*Exercise instructions*
When the line containing "O Wen - Korean" is found in the data below, copy it and each line after it through the line containing "Sac à dos de", exactly and with no others.

*Information supplied*
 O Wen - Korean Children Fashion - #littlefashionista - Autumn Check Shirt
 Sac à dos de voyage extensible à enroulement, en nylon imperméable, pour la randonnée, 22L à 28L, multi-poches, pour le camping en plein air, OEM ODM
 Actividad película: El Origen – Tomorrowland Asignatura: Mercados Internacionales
* * *
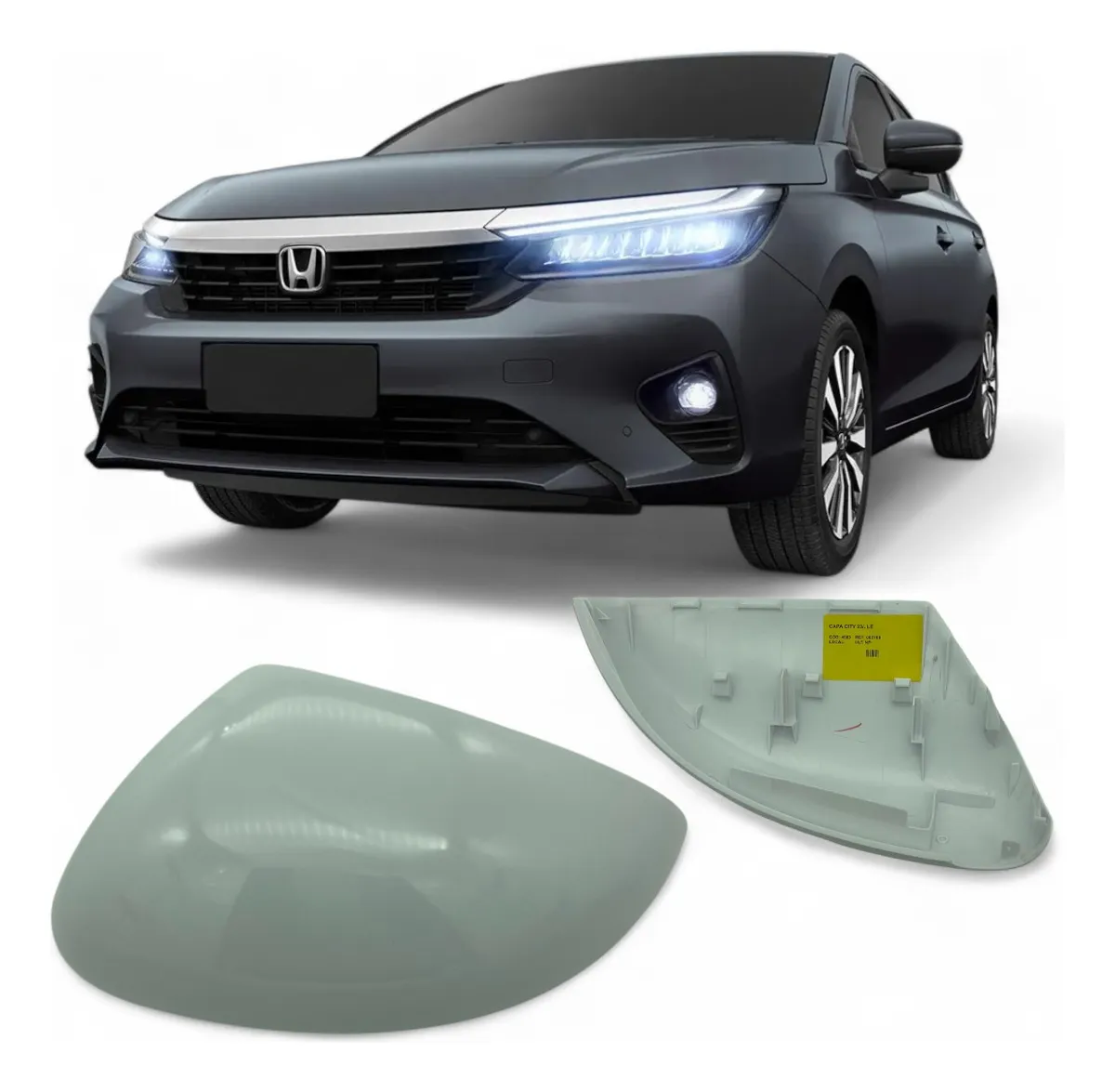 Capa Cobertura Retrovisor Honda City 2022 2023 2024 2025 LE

*Finished task*
 O Wen - Korean Children Fashion - #littlefashionista - Autumn Check Shirt
 Sac à dos de voyage extensible à enroulement, en nylon imperméable, pour la randonnée, 22L à 28L, multi-poches, pour le camping en plein air, OEM ODM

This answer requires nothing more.